§ **Required action**: Return the data below exactly, but only from the line containing "A long hallway" through the line containing "folded muslin baby", with both of those lines included.

§ **Material supplied**:
━━━━━━━━━━
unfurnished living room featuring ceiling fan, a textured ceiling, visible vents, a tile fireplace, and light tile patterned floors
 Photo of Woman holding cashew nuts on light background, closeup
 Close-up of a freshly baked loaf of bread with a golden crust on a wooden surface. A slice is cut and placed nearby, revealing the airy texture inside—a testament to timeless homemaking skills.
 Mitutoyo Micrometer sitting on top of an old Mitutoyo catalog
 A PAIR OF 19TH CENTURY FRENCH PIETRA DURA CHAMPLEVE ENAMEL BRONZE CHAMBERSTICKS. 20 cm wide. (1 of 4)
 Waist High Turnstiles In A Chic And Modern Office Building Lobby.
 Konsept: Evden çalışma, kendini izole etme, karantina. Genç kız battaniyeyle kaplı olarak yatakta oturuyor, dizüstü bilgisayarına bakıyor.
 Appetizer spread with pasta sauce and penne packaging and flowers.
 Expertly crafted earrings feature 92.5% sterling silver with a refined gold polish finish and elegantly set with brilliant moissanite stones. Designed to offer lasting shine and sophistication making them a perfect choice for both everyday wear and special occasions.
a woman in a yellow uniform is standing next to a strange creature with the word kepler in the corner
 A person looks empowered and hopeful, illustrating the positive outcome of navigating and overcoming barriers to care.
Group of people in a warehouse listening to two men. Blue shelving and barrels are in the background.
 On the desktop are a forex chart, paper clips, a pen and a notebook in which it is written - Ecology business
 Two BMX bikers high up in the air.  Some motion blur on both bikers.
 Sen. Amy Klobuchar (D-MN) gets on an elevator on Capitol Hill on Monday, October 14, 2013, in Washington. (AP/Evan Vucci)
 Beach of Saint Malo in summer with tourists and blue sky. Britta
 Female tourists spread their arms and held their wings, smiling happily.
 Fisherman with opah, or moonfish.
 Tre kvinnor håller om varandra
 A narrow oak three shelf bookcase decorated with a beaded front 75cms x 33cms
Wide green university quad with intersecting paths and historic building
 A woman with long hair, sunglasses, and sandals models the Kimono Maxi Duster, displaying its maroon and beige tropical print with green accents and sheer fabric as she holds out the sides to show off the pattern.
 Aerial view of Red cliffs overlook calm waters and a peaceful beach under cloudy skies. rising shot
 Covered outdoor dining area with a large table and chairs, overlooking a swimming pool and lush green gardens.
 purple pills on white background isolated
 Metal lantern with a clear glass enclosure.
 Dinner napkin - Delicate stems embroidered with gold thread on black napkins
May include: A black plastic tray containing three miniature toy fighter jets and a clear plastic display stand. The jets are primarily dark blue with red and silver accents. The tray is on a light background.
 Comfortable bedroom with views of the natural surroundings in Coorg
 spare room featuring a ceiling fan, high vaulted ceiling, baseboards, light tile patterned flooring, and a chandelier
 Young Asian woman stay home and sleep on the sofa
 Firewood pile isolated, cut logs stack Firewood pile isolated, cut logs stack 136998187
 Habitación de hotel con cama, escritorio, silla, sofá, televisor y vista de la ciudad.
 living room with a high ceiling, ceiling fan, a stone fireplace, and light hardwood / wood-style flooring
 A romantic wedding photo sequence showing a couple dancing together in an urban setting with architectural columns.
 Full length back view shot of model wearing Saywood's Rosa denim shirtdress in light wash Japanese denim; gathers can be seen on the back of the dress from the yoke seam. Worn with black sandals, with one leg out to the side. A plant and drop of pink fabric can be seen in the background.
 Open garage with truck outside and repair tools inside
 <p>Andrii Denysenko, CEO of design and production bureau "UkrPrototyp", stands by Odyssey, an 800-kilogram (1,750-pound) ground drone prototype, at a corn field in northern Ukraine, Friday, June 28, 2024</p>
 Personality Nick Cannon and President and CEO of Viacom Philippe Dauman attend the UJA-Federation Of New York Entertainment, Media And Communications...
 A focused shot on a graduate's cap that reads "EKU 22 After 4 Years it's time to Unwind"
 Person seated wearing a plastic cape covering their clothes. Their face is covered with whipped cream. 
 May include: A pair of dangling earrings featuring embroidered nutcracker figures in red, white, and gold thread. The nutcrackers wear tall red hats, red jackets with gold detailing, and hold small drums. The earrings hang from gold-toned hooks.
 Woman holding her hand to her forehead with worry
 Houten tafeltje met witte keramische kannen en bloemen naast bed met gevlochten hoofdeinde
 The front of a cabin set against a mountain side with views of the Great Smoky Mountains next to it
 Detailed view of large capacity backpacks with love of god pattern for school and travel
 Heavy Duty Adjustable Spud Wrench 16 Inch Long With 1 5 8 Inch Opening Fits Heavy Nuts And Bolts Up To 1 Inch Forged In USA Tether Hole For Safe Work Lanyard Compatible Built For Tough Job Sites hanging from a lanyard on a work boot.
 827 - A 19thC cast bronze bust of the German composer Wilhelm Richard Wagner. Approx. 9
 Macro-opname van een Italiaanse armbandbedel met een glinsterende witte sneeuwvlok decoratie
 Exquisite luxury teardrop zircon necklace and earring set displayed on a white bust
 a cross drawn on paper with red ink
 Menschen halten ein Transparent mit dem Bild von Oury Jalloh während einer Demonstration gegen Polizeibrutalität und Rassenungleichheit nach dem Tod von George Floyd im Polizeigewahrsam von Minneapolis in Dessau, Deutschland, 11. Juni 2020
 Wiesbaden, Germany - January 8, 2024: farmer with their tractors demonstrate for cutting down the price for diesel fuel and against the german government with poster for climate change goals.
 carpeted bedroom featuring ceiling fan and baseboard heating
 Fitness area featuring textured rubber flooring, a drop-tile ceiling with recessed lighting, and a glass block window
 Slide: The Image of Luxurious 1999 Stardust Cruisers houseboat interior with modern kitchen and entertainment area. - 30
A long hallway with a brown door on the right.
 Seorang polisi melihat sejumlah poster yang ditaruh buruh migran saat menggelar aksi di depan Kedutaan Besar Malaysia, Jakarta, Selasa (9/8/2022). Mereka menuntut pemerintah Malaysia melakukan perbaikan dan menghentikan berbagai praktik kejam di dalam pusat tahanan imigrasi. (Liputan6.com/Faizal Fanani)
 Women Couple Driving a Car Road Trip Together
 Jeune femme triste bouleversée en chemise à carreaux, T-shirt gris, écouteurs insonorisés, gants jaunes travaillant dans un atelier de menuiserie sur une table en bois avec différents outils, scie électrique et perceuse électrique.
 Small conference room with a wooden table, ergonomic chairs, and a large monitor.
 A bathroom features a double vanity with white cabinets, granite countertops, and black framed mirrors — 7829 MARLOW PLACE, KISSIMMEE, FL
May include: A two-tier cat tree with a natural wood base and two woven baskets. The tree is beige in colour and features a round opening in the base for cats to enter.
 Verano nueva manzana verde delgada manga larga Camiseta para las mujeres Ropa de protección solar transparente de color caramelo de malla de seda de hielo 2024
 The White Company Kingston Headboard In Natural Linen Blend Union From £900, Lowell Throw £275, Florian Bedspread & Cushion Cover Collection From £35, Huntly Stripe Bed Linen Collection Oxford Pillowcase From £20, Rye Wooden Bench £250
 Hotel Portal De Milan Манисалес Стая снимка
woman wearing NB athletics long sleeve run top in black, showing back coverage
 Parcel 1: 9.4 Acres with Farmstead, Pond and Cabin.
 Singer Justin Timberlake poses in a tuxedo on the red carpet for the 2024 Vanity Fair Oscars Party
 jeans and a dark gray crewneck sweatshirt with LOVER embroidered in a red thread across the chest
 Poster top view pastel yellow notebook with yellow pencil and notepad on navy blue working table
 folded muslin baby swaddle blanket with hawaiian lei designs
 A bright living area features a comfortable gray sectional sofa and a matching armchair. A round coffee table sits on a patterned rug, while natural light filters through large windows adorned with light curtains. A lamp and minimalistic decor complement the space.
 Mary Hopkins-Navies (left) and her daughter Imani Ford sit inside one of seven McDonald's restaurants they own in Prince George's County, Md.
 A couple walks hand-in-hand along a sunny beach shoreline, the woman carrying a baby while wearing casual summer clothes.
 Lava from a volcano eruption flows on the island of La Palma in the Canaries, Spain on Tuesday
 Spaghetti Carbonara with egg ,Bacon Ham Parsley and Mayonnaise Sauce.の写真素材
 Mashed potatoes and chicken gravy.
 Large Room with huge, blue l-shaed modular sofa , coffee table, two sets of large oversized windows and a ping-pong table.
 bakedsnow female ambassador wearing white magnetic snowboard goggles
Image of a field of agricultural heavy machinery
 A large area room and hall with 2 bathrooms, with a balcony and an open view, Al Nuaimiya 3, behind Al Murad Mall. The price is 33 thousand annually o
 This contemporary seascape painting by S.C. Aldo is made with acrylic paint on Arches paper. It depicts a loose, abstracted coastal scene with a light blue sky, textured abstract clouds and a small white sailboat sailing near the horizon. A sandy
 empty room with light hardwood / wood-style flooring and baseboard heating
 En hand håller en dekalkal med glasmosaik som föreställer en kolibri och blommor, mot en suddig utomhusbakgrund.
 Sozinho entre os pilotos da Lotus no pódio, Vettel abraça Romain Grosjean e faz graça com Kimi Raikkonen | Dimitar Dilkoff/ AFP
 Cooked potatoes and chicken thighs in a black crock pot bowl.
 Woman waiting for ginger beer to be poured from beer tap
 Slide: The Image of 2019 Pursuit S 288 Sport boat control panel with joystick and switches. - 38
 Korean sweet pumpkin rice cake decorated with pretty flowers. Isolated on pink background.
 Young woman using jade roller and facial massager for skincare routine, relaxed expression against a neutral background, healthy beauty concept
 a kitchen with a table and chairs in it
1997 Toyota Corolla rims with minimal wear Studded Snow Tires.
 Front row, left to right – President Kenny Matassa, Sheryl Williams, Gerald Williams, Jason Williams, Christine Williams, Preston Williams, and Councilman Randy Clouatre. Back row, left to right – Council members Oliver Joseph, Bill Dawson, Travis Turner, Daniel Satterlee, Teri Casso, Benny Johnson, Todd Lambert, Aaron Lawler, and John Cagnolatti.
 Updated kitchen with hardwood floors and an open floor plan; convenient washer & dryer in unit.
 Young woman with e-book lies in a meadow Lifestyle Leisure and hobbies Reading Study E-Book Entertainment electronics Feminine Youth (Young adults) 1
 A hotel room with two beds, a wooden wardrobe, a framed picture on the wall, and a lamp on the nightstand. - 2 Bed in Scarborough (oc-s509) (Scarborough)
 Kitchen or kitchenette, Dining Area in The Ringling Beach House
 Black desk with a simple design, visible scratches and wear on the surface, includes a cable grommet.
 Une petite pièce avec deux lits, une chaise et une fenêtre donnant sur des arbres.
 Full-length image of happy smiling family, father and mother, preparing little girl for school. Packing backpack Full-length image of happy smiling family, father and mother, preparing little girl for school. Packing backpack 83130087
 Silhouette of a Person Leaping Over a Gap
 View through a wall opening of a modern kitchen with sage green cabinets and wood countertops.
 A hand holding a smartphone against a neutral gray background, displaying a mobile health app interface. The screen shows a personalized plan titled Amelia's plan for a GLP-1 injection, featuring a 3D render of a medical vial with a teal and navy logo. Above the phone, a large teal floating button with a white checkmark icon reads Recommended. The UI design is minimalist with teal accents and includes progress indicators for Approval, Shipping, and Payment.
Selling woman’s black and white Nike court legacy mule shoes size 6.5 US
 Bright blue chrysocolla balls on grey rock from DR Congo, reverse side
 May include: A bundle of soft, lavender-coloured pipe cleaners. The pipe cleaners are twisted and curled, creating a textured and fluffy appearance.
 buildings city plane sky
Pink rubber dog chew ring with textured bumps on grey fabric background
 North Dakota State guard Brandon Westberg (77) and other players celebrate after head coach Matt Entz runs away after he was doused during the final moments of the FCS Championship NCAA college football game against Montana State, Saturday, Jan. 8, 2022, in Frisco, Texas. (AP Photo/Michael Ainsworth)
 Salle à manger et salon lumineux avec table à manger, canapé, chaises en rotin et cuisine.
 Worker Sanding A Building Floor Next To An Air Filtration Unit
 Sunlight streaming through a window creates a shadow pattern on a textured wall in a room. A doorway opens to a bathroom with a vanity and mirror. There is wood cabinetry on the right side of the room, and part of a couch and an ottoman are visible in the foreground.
━━━━━━━━━━
§ **Answer to the exercise**:
A long hallway with a brown door on the right.
 Seorang polisi melihat sejumlah poster yang ditaruh buruh migran saat menggelar aksi di depan Kedutaan Besar Malaysia, Jakarta, Selasa (9/8/2022). Mereka menuntut pemerintah Malaysia melakukan perbaikan dan menghentikan berbagai praktik kejam di dalam pusat tahanan imigrasi. (Liputan6.com/Faizal Fanani)
 Women Couple Driving a Car Road Trip Together
 Jeune femme triste bouleversée en chemise à carreaux, T-shirt gris, écouteurs insonorisés, gants jaunes travaillant dans un atelier de menuiserie sur une table en bois avec différents outils, scie électrique et perceuse électrique.
 Small conference room with a wooden table, ergonomic chairs, and a large monitor.
 A bathroom features a double vanity with white cabinets, granite countertops, and black framed mirrors — 7829 MARLOW PLACE, KISSIMMEE, FL
May include: A two-tier cat tree with a natural wood base and two woven baskets. The tree is beige in colour and features a round opening in the base for cats to enter.
 Verano nueva manzana verde delgada manga larga Camiseta para las mujeres Ropa de protección solar transparente de color caramelo de malla de seda de hielo 2024
 The White Company Kingston Headboard In Natural Linen Blend Union From £900, Lowell Throw £275, Florian Bedspread & Cushion Cover Collection From £35, Huntly Stripe Bed Linen Collection Oxford Pillowcase From £20, Rye Wooden Bench £250
 Hotel Portal De Milan Манисалес Стая снимка
woman wearing NB athletics long sleeve run top in black, showing back coverage
 Parcel 1: 9.4 Acres with Farmstead, Pond and Cabin.
 Singer Justin Timberlake poses in a tuxedo on the red carpet for the 2024 Vanity Fair Oscars Party
 jeans and a dark gray crewneck sweatshirt with LOVER embroidered in a red thread across the chest
 Poster top view pastel yellow notebook with yellow pencil and notepad on navy blue working table
 folded muslin baby swaddle blanket with hawaiian lei designs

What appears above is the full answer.